Livia de Tommasi  relativa o "poder" do empreendorismo e do mercado na solução dos problemas da empregabilidade e aponta para a necessidade de políticas públicas para o trabalho na juventude


Há um discurso ideologicamente orientado que coloca o empreendedorismo como uma solução para o problema do desemprego juvenil. Num sistema (capitalista) onde o emprego formal, a carteira assinada, se tornou uma "miragem" inatingível para a maioria dos jovens, o discurso neo-liberal (o mesmo partidário da flexibilização e da desregulamentação) propaganda o empreendedorismo como uma qualidade fundamental a ser cultivada entre os jovens e, ao mesmo tempo, uma forma de inserção no mundo do trabalho através do chamado auto-emprego, ou seja a abertura de um negocio ou empreendimento próprio. Apesar do que o próprio SEBRAE, o órgão ao qual o governo federal tem confiado a tarefa de formar os jovens ao empreendedorismo e, ao mesmo tempo, de assessorar a criação de micro-empreendimentos, divulga números que são muito pouco animadores sobre o sucesso no mercado e a vitalidade desses empreendimentos (ou seja, que somente 5% por ano dos empreendimentos conseguem se manter no mercado, enquanto o resto é destinado à falência) os programas desenvolvidos por muitas entidades miram a estimular a criação pelos jovens de um negocio próprio (por meio de cursos de capacitação para produção e gestão em diferentes áreas da economia, que vão do artesanato, à produção agrícola, aos serviços em âmbito cultural, etc.). Muitos jovens que concluíram esses cursos e não conseguiram montar seu empreendimento sentem recair a responsabilidade pelo fracasso nos seus ombros: não consegui porque não fui um bom empreendedor. No âmbito da ideologia neo-liberal essa inversão de responsabilidades é comum: assim, os pobres (e especificamente os jovens, "o futuro da nação") são os principais responsáveis pela solução de seus problemas. São eles que devem arregaçar as mangas e trabalhar para enfrentar os problemas provocados pelas receitas neo-liberais promovidas pelo FMI e o Banco Mundial: a concentração de renda, o aumento da desigualdade econômica, social e cultural, a exclusão, o desemprego, etc. É a idéia de Estado mínimo aplicada ao âmbito econômico e social.

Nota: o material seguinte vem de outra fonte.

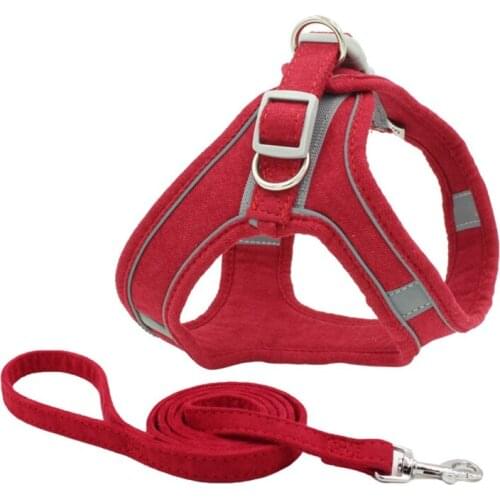 Pet Chest Harness Reflective Breathable Dog Leash Candy Color Small Dog Vest Style Cute Durable Daily Outdoor Walk Dog Supplies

Se admitimos que somente uma parcela mínima de empreendimentos tem espaço no sistema econômico assim como ele esta organizado atualmente, deveríamos por conseqüência admitir que não basta estimular o espírito empreendedor, estimular a criação de empreendimentos para que eles se tornem uma alternativa eficaz ao problema do desemprego e à busca pela geração de renda. Pelo menos, o estimulo ao empreendedorismo deveria ser acompanhado por outras medidas que intervenham na forma como o mercado e o trabalho estão organizados.

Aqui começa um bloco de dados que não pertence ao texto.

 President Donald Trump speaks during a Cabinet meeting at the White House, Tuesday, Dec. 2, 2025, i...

Muitas vezes me parece que o termo empreendedorismo poderia ser tranqüilamente substituído, no discurso, por "capacidade de iniciativa". Ou seja, o moderno espírito empreendedor não seria outra coisa do que a antiga atitude a ter iniciativa, qualidade de fato bastante importante para encontrar um lugar no mundo e bastante deficitária sobre tudo entre os jovens e especificamente aqui no Nordeste onde a dispersão, o andar "devagar quase parando" característicos de uma geração se juntam à uma atitude típica de esperar que o outro (que sejam os poderosos locais, os governos, os chefes e até Deus) resolva os problemas. Concordo na necessidade de superar uma visão fatalista e conformista frente à vida. Mas me incomoda essa necessidade de importar um termo do âmbito empresarial, para nomear uma qualidade, uma atitude tão antiga e fundamental para a construção dos sujeitos.

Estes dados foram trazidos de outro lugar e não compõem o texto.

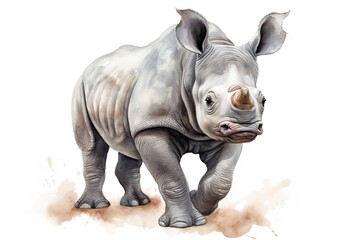 Fototapeta premium A majestic rhinoceros standing in the wilderness created with Generative AI technology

Acredito que o Estado deve promover políticas públicas que garantam a todos os cidadãos viver em condições dignas. Dentre essas condição, é central a possibilidade de se inserir no mundo do trabalho e gerar a própria renda. As medidas em âmbito econômico são fundamentais para encontrar novas formas de organização e regulamentação da economia, assim como novas formas de organização do trabalho. Junto com uma "atitude empreendedora" é preciso mexer nas formas de organização do trabalho, para garantir o direito ao trabalho em particular entre os jovens. Vou citar algumas medidas que considero centrais e possíveis de ser alcançadas no âmbito dos nossos governos:

a) a reforma da lei que regulamenta a criação de cooperativas (desburocratização, diminuição da exigência mínima de 20 membros para a criação de uma cooperativa, etc.)

b) regulamentação especifica para a criação de cooperativas na área dos serviços sociais. Há no Brasil uma quantidade de demandas por serviços em área social e cultural (gestão de bibliotecas públicas, implantação de creches, atendimento aos deficientes, acompanhamento para os idosos, só para citar alguns desses serviços) que poderiam ser atendidas por cooperativas de jovens formadas por esse fim (faço referencia aqui a uma lei para o estimulo ao primeiro emprego juvenil através da formação de cooperativas sociais que foi criada na Itália em 1977, a Lei 285). Alguns desses serviços estão hoje quase completamente descobertos; outros estão sendo realizados através do estabelecimento de convênios entre o setor público e o chamado "terceiro setor". A criação de cooperativas sociais por parte dos jovens me parece responder ao interesse que muitos jovens expressam por trabalhar sem patrão, com relações horizontais, organizar atividades com seu grupo de pares, em particular no âmbito de serviços culturais, sociais, artísticos, esportivos (as periferias das cidades estão cheias de iniciativas nesse sentido, de grupos que realizam ações nessas áreas, mas que esbarram numa quantidade de exigências burocráticas quando tentam se legalizar para poder ter acesso a financiamentos públicos).

c) Ampliar a oferta pública por serviços na área social e cultural, por meio de investimentos consideráveis (inclusive em termos orçamentários) por parte do setor público.

d) Reformar a Lei que regulamente o mercado das licitações públicas, favorecendo que os pequenos empreendimentos da economia solidária vendam seus produtos nesse âmbito.

Com certeza, há muito mais a ser feito. Citar essas medidas tem a finalidade de ilustrar praticamente a necessidade de acompanhar o estimulo ao empreendedorismo de outras medidas, políticas e econômicas, sem as quais os apelos ao empreendedorismo viram meramente ideológicos e retóricos.